Gibt es bei den 3 Varianten einen erkennbaren Qualitätsunterschied?
Muss man bei den Sequenzparametern was beachten?
Grüße aus Bayern
Markus
Das was bei den 3 Varianten rauskommt ist immer gleich. Fast empfehlenswert es auf ProRes LT einzustellen. Dann sind die files nicht so riesig. Ansonsten lass ich es immer bei den Voreinstellungen. LG.
Okay, danke nochmal.
Aber mit meinem FinalCutPro 5 muss ich wohl eher auf die bisherige Variante zurückgreifen. Für meine ersten 7D Clips ists ja mehr als ausreichend. Vielleicht wart ich noch auf FinalCutPro 8 :-)
So wie ich das sehe kann das 5er nur HDV (1440x1080) und zerrt es am Ende nur auseinander... ?
Mit dem 5er hab ich auch immer nur HDV geschnitten - entweder so wie in dem alten Blogeintrag oder in 720p. In den allermeisten Fällen reicht das ja auch locker....
... So oft hab ich was von dir gelernt, endlich ist mal der Tag gekommen an dem ich dir mal was zeigen kann :-)
Siehe mal hier:
http://www.videoaktiv.de/201006034254/News/Editing/Magic-Bullet-Grinder-DSLR-Videos-in-schnittfreundlichere-Formate-wandeln.html
und hier:
http://www.redgiantsoftware.com/social/grinder-quick-start/
Getestet und für EXTREM gut befunden...
Viel Spaß damit..
Thorsten
Hey Thorsten,
danke für den Link. Kannte ich noch nicht das tool! Habs mir gleich mal runter geladen. Scheint SEHR intuitiv und benutzerfreundlich. Den knallharten Speedtest hat's aber dann doch nicht überstanden. Habe mal 4 Files in ein Batch gehauen (insgesamt 280 MB).
ERGEBNIS:
- Grinder braucht 01:51 min um in PRO RES zu wandeln
- MPEGStreamclip erledigt das selbe in 01:02 min auf meinem Rechner.

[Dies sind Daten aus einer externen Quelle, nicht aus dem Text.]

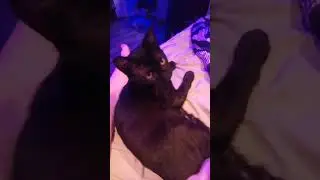 Mylo the cat chewing on a thing #shorts #cat #cats #cute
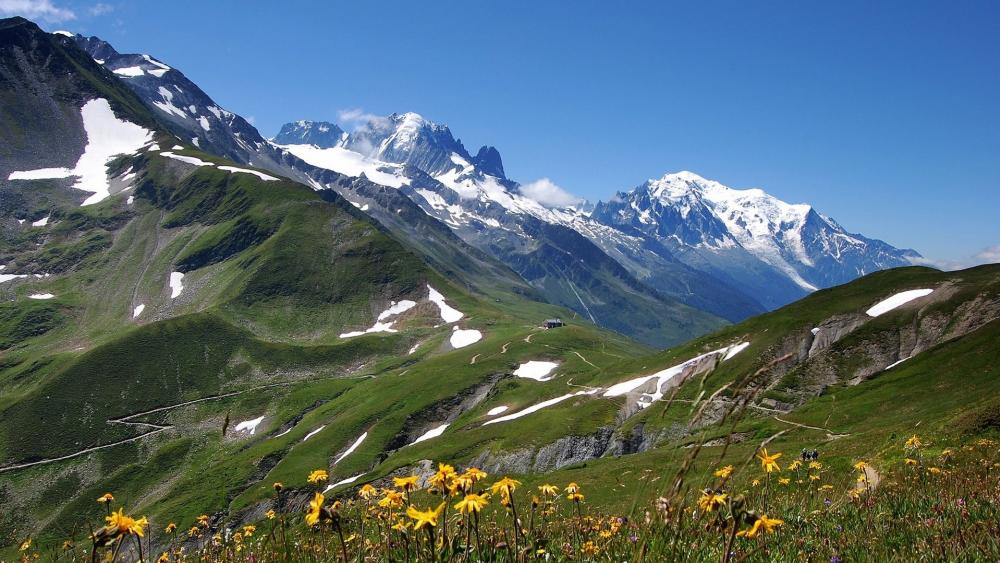 Wallpaper from nature category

Aber an der Benutzeroberfläche könnte sich MPEG S. eine Scheibe abschneiden!!
LG!!
Gut zu wissen. Schade das die 7.0 Version von FC immer noch nicht richtig damit klar kommt, obwohl damit gut Werbung gemacht wurde dass das Canon Format endlich unterstützt wird.
Bleibt zu hoffen dass mal was raus kommt wie clipwrap für m2t.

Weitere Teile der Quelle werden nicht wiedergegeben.